The final step after selecting the file format is to find the final folder destination of the data.  Once the destination is selected, you will assign a table name and hit FINISH, which will complete your export.
Simple, right? 
*************************************************************************************            
Option 2.  SAS Macro
When explaining how to import Excel files, I discussed the positives and negatives of using these macros for importing/exporting.  The only reason I use these macros is when importing the data, making quick changes, and exporting the data.  I won’t utilize this macro for my day to day exporting, but if I’m making summary variables or mean/mode/median imputations, this is the easiest way.
%macro expo (data=);
PROC EXPORT DATA= WORK.data
            OUTFILE= "C:\folder\datasets\Updated\&data"
            DBMS=EXCEL LABEL REPLACE;
     NEWFILE=YES;
RUN;
%mend;

*The first line creates a macro called “expo” where we are going to use the macro to define “data”.
The macro utilizes PROC EXPORT and states the data is in the work library and is called “data”.  Second note, I created a new file folder called “Updated”, so the data didn’t just overwrite the old data in the folder from where you imported the data.
DBMS=Excel, tells SAS it will be exporting the data as an Excel file with the labels printed instead of the names. ;

%mend;
*closes the macro.;
*The final step is calling the macro;

%expo(data=file);
This statement exports the SAS dataset as “file” into the folder on your drive specified in the macro statement.
These are just two of the forms of exporting data I use most often, but again, there are many ways to export. 
Cheers!

Tuesday, August 3, 2010

Excel Import

There are many options when importing Excel files, but today I will go over the three options I most commonly utilize.  These three options will move from easiest to hardest, but this doesn’t mean least to most useful.  The real benefit of SAS over some other programs is the flexibility it provides in all aspects of data management, including simple data importation.

The three options:
1.)    Import excel through SAS’s import wizard.
2.)    Import excel through code
3.)    Import excel through a macro
****************************************************************************
OPTION 1:
When importing excel through SAS’s import wizard I would always have the excel file saved in the ’97 – 2003 format, SAS hasn’t quite caught up to Excel 2007. 

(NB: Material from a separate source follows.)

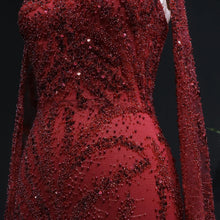 Load image into Gallery viewer, Sharon Said 2026 Luxury Evening Party Gowns Women' s Wedding Prom Dresses with Flowing Sleeves Elegant Mermaid SS663 Customized
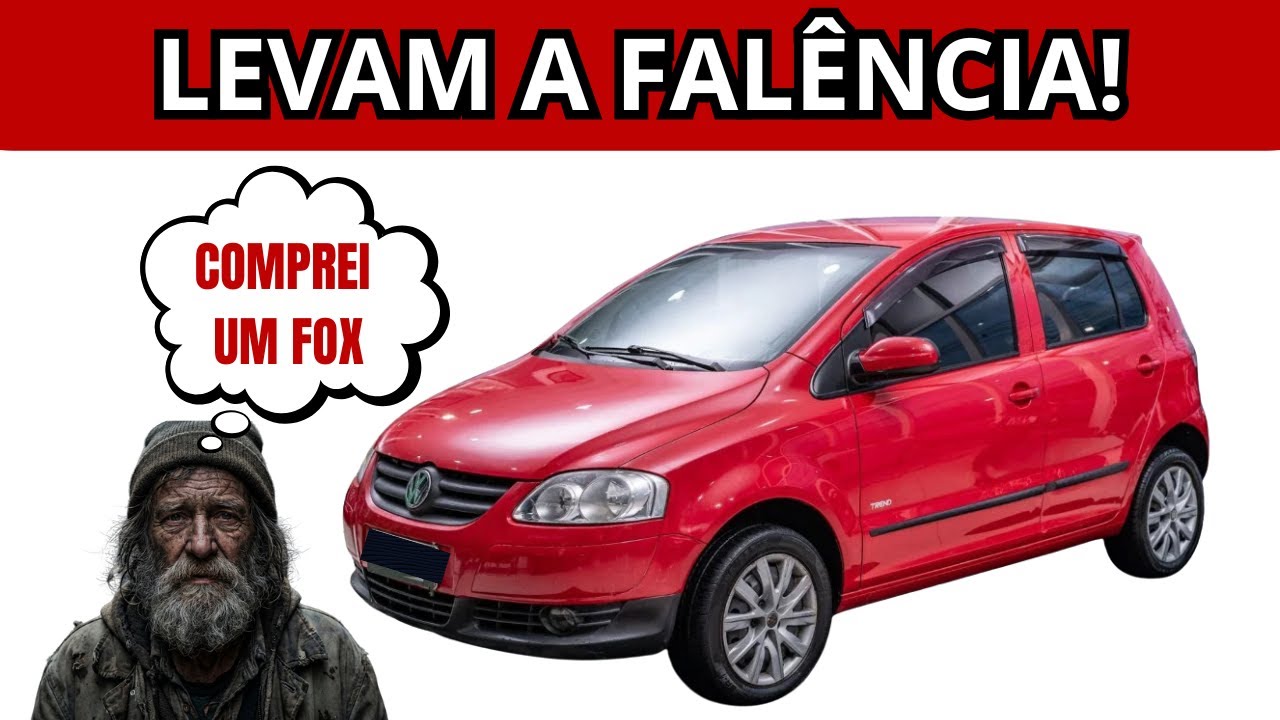 5 CARROS que te LEVAM a FALÊNCIA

Once in SAS, go to File-> Import Data… 

This opens the Import Wizard.  The default is “Standard Data Source” with “Microsoft Excel 97/2000/2002/2003 Workbook” in the drop down menu, click “Next” once you verify everything is correct.
 Hit “Browse…” to find the dataset you’re looking to import and click “OK”.

The next screen asks you to select the table you are importing.  This is the table in the original excel file where your data is saved.  Click “Next” once you have selected the correct table.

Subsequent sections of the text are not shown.